Argentina: Buenos Aires (Apr 5 to 13, 2015)

After about five and a half weeks exploring Patagonia (see previous posts for Ushuaia, Argentina; Torres del Paine, Chile; El Chalten, El Bolson, and Bariloche, Argentina), it was time to head north to Buenos Aires (Argentina). It was difficult to leave Patagonia (a region that had been on my bucket list for awhile) but I was satisfied with my explorations, at least for now.

Getting to Buenos Aires

On my last day in Bariloche, my friend, Candice (US), who’d I trekked with in Ushuaia and reconnected with in Bariloche, mentioned that she too was heading to Buenos Aires, but she planned to…..gasp…..hitchhike there. Hitchhiking is very common in Patagonia and, according to many travelers, very safe. As I was intrigued by the adventure of hitchhiking and Candice was a seasoned pro, I decided to…..gasp…..go for it. So, I exchanged my last $39 US dollars for Argentinean pesos (the ATMs in Bariloche had run out of money that Easter weekend) and Candice and I said farewell to our friends Carrie (US) and Dave (England). I was going to miss Dave’s laugh and sweet disposition after traveling with him for almost three weeks. Before we left, Carrie took our picture. You know, in case we needed a “last seen” photo. I also promised to check in along the way via my SPOT GPS tracker, which also has a “SOS” button that when pushed alerts rescuers to your exact location (or at least the location of your SPOT). So, with safety precautions completed, loaded with snacks and a cardboard sign, we set out to hitch the 960+ miles to Buenos Aires.

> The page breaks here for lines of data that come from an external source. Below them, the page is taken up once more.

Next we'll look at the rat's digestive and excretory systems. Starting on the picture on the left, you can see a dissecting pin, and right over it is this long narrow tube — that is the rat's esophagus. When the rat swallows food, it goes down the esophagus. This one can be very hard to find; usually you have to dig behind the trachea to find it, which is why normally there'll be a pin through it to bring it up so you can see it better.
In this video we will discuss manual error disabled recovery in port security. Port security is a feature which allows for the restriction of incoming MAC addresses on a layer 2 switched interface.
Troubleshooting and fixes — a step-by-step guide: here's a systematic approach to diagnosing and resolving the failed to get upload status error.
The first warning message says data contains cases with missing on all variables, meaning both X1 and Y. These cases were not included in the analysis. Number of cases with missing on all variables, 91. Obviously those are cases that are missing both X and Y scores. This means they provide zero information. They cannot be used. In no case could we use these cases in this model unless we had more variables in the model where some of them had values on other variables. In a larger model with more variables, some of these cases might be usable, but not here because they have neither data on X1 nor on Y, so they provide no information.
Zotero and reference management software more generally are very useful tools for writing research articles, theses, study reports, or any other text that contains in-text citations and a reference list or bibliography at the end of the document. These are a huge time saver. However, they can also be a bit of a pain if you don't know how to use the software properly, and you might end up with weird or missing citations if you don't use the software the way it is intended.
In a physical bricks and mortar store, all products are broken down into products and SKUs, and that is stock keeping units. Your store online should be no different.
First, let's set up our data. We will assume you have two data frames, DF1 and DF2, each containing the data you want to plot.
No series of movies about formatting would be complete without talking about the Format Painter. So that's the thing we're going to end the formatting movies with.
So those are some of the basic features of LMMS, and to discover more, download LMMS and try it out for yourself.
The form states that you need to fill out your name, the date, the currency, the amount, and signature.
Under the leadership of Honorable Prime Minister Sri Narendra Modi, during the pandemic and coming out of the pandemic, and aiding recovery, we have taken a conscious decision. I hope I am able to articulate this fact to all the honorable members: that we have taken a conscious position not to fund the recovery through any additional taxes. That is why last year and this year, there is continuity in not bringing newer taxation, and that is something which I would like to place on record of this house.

Candice knew the best spot on Ruta 40 for us to set up thanks to Hitchwiki, a website where hitchhikers share info on how to get to/from various points. After a 20 minute bus ride and a 20 minute walk to get to “the spot”, we held up our cardboard sign which read, “Buenas Aires, se habla espanol” and stuck out our thumbs. We expected to wait hours, but were picked up after only 30 minutes by a guy who was going almost all the way to Buenos Aires. What unbelievable luck!

Our driver, Marro (Argentina), was on his way home to his wife and kid in Buenos Aires. He and his wife were expecting their second baby soon. The proud husband/father shared lots of photos of his family with us along the journey. He worked as a bee keeper and had a cool bee hive tattoo on his arm. The scenery was gorgeous for the first several hours, following the Rio Negro as it wound through a wide valley topped with tall peaks and spires. Throughout the day, we all snacked on the food Candice and I had brought, including pieces of the giant chocolate Easter egg from Bariloche, and chatted. Thankfully, Candice speaks Spanish well as Marro spoke no English and my Spanish was basic to say the least. Marro seemed to enjoy our company and was a great tour guide, pointing out various landmarks along the way. At about midnight, we stopped at a hotel for the night and shared a room with three twin beds. We hit the road early the next morning. After about 7 hours, it was time for our journey with Marro to end. He offered to take us to a nearby train station but given our good luck so far, we decided to try hitching the last ~250 miles to Buenos Aires. So, he dropped us off along a wide stretch of dusty road, we said farewell to our very generous host, and up went the cardboard sign.

After only about an hour, we lucked out again! We got picked up by two brothers (Argentina), Sebastian and Luciano, on their way home to Buenos Aires after a weekend of camping and trekking. Their car was tiny and already loaded with their gear but we crammed ourselves and our backpacks in. They were a gregarious pair of 20-somethings who spoke English well so the conversation was lively and fun during the drive. As we neared Buenos Aires, the guys invited us to stay at their house, explaining that they were planning to travel later in the year and wanted to gain some travel karma by picking us up and offering us housing. I love the traveler mentality and need to pay it forward when I’m back home! It was a very nice offer, but I was staying with friends in Buenos Aires so declined. After hugs goodbye to the guys and Candice, who was continuing on with them, I went to see my friends.

In Buenos Aires

At about 10:30 pm, after roughly 16 hours on the road that day, I knocked on the door and finally got to see the smiling faces of my friends, Kelly and Myles! I’d last seen them in 2014 for a fun weekend with our friends, Dave and Nicole, in Scottsdale, Arizona. After a shower to wash the road dirt away, we spent the evening chatting and drinking wine. It felt like home sweet home.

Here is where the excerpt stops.